High Heeled Traders

What I’m going to tell you is probably something not discussed in most Trading books. I know, there are books about “Secrets”, “Edges” and others using marketing buzz words but guess what, they missed this! hehehe

Trading as we’ve talked about before, is fluid, sometimes erratic business. Yep it can get crazy. So you want to learn what will help you to be profitable, (not lose all of your money first of all) and eventually with the right skills to go for the stars! So the very first lesson I ever ever everrrrrrrr want to share with you is to Learn to Last.
Here’s what helped me to keep going :
1. Financial concepts
2. Psychological well-being
3. Physical activities
I will first discuss the Financial components in this article. Otherwise you won’t finish reading this until tomorrow 🙂

Learn to Last FINANCIALLY

I mentioned introducing myself in this blog that I started to attend seminars on Financial Freedom after starting to work in IT with long hours and getting slapped with high taxes. I think it is very valuable to get financial education through books, seminars and talking to people about their experience.  Not all of them might be useful, analyze the information,  doing so will improve your knowledge and sophistication.  I came across these 3 concepts that I feel greatly helped me in my Trading and Investing, as I started out with very limited funds.

Velocity of Money

I first heard this idea in a Robert Kiyosaki CD series on building wealth. The Velocity of Money is an economic term that the St. Louis Fed (part of the US Federal Reserve System or central bank of the US) defines as “the rate of turnover in the money supply” – OR the number of times one dollar is used to purchase final goods and services (included in GDP).  For example, a hairdresser and a dentist has 100 between them. The dentist goes to the hairdresser for a haircut paying $20 every time, and goes every month.  The hairdresser has teeth cleaning done every 6 months and pay $100 each time. For one year, together they made $ 440 from their services  with $100 to start with.
http://research.stlouisfed.org/fred2/categories/32242

Back when we started in Sydney and was living in one income, with limited funds to use, I hung on to this idea everytime I look at something to invest. I thought I should aim to use my 1 dollar several times to buy my investments. So when investing, use a combination of products or strategies, aim to get your money back quickly and use it to similarly buy / create another investment. Do it again and again and again. You can do magic with this idea! 🙂

Infinity

When making an investment, we calculate how much we can get back, we meet the terms Return on Investment (ROI) or Yield. That presumes that we still have money invested and it is “returning” money back to us. What about if we don’t have money invested anymore (we’ve taken it already), but we still hold the investment and still we get money coming to us? WOW! That’s a return of Infinity. This is an old old old concept in Mathematics that basically mean “no limits” … Try this : take the calculator and get the Return for this investment — For monthly rental income  put in 150 multiplied by 12 months, divide it by zero.  What did you get?   Mine says – Can’t divide by 0. That’s because the calculator has no imagination. Whereas humans, we are equipped with great minds to make money from nothing 🙂

Position Sizing TM
As you can see, I’ve had to put the letters “TM” after the word – it is to denote that this term is a registered trademark (by Dr. Van Tharp) .  In my opinion this subject should be one of the VERY FIRST concept to ever be studied by traders. Because it’s one that would help traders to survive the learning process. I lost all my capital in 3 months when I first started to trade. The account balance just started to dwindle when I lose on my trades and eventually got wiped out.

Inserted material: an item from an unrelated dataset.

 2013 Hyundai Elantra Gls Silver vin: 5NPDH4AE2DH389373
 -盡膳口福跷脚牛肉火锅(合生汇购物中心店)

To make it easier, think that  it’s like buying shoes… (really?!)   We buy a lot!  Formal shoes, running shoes, many styles of sandals, boots,  according to color, material etc.     You have to have a range of shoe options for your lifestyle.  Point is you have got to budget for all this kinds of “shoe  situations”.    You shouldn’t  spend too much on one shoe.   So this important  lesson in Trading is that you have to keep how much you risk  at an amount that does  not blow out your budget and be able to fund next opportunities.

Position Sizing TM is a way to determine “how much” to risk in any one position.  To clarify, this is not the amount you spend on a trade, but rather the amount you are willing to lose for that trade.   You decide on this prior to trading anything, telling yourself how much you are willing to lose per trade, as a percentage of your capital.    And when you are just Learning, the “how much” should be small so that you preserve your capital while still be able to profit from an opportunity. Say for example, you have $5000, you want to preserve 80% of your capital or $4000, you then have 1,000. Of this 1000, you want to budget for a string of losses (say 10) which will give you $100 to risk in a position. (fees are excluded here for simplicity but note it could cost $45 to open so $90 to open and close the transaction).
5,000 capital
4,000 amount to be preserved, at 80% of capital
1,000 amount to be risked at trading opportunities
10 number of successive losses you are willing to tolerate
100 the amount you will risk in a position

$100 or the 2% of $5000  is your  position size(tm)

Is this a small enough risk for you?   100 is already 2% of your capital.  If not,  you should probably build up your capital, gain more knowledge and test your system and skills  until you are comfortable to risk this amount.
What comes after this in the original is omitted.